At the same time, there are also views that do not support language as a native modality, arguing that language as an input or output source lacks temporality, and its counterpart, sequentiality, is not equivalent to temporality. The core essence of temporality is that information must be encoded/decoded (sampled/outputted) in segments corresponding to real-world time and have an absolute temporal order. Conversely, sequentiality does not require encoding/decoding according to time segments (if the vocabulary is large enough, a sentence can be encoded into a single ID), nor does it require strict adherence to temporal order (as in “The printing order of characters does not affcet reading comprehnsion” - deliberate misspelling for effect, implying jumbled order is okay). In other words, positional embedding only provides a rough logical pattern between input tokens and cannot serve as strict temporal embedding. The best solution for the latter remains recurrent-series models with strictly time-ordered input.
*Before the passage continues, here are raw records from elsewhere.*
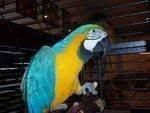 Giving away two macaws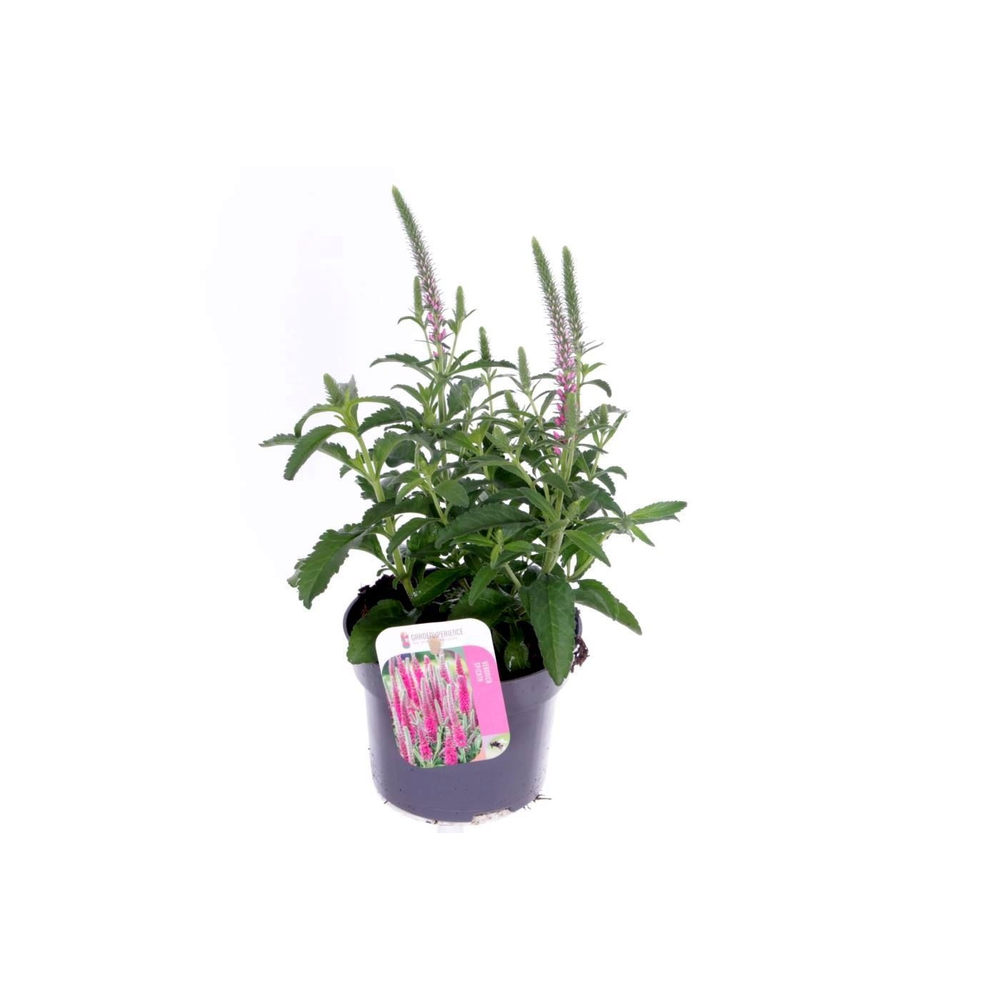 Veronica spicata Inspire Pink.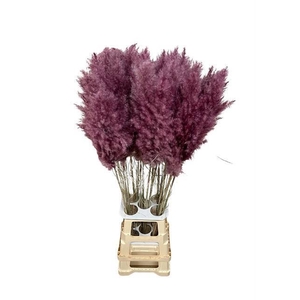 DF Pampas 115cm Cerise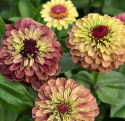 Isotsinnia 'Queeny Lime Red'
Of course, my arguments here are not aimed at structures like RWKV (the author types “软文KV” - “soft-content KV,” likely a playful jab or typo for RWKV), Mamba, or xLSTM, because current structural designs still cannot transcend using sequential structures to model temporal structures. That is, it’s either forcibly giving the language modality temporality, or forcibly giving other native modalities sequentiality. And in fact, as defined in the previous section, the thought and logical elements contained in language do not depend on specific encoding/decoding segmentation modes, nor do they strictly depend on temporal order. Therefore, the efficiency and performance balance of a solution like the attention mechanism, which seeks high-weight tokens, is far better than solutions that rely on hidden variables for token-by-token input/output. Conversely, other native modalities (speech, video) not only require a temporally uniform encoding/decoding segmentation mode (manifested as sampling rate, frame rate), but the information a token can provide also strictly depends on the preceding token; using an attention mechanism might, in fact, reduce efficiency. But, but, my personal stance is to support RWKV-like approaches, because thought (and its corresponding language) will not be infinitely wide. That is, if encoding/decoding segmentation is done reasonably, and temporality is cleverly imbued, then it can be well integrated with native modalities.

Closing Remarks

Although there are still many uncertainties in academia regarding the cognition of language itself, it is undeniable that language is currently the most efficient means for creating intelligent agents. This efficiency is reflected not only in its close relationship with thought but also in its “synesthetic” effect with other modalities (e.g., a piece of text can evoke a sense of imagery, or make someone unconsciously sing it out), meaning that abstraction and concretization within “native modalities” can also be based on language. Therefore, models currently based on LLMs that can compatibly process multiple input and output sources are not an invaluable direction of exploration, but we should not blindly believe that this model is the ultimate solution. Language is merely an instinct that humans developed in the past to adapt to the environment. Perhaps in the future, humans will also create new “language modalities” to adapt to the development of intelligence.